Bernd Junker (SPD) waren die Pläne der Verwaltung hingegen ohnehin zu vage. „Beim Ausbau unserer Straßen haben wir eine genaue Prioritätenliste, welche Maßnahmen als nächstes anstehen. So etwas würde ich mir auch für die Spielplätze wünschen“, sagte er. Auf diese Weise könne man auch ein Kommunikationsproblem wie jetzt in Bierden verhindern. Bräkling indes verwies auf die bestehende Maßnahmenliste für die kommenden zwei Jahre, die den Rahmen vorgeben solle.

Spielplatz am Stadtwald

Eine Unbekannte in diesen Planungen war bis Montagabend allerdings noch ein möglicher Spielplatz am Stadtwald. Wie berichtet, hatte der Nabu bereits 2010 dort einen Mehrgenerationenspielplatz ins Gespräch gebracht. „Wenn die Politik sich dafür entscheidet, dann würden wir in den kommenden zwei Jahren die Planungen anschieben und könnten zum Doppelhaushalt 2023/2024 darüber sprechen, was es kostet“, erklärte Bräkling. Wie Karl-Heinz Lichter (CDU) anmerkte, müsse für konkretere Planungen allerdings vermutlich der dortige Flächennutzungsplan geändert werden.
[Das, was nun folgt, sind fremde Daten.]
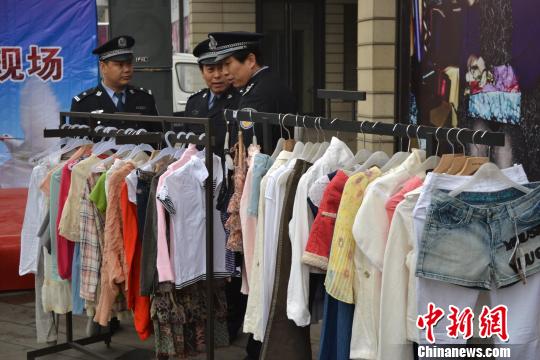 警方展示的部分被盜服裝?！∷瘟⒊z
Dies wollte man in der Dienstagabend anstehenden Sitzung des Planungsausschusses noch einmal thematisieren. Finanziell bräuchte die Verwaltung dafür voraussichtlich keine zusätzlichen Mittel. „Was wir jetzt an Geld für die Vorplanungen für einen Spielplatz am Stadtwald brauchen, nehmen wir aus dem laufenden Etat“, erklärte Bräkling.

Die Politik stimmte den geplanten Maßnahmen für die Spielplätze in der Stadt letztlich einstimmig zu – allerdings mit dem Hinweis, die Arbeiten in Bierden vorzuziehen.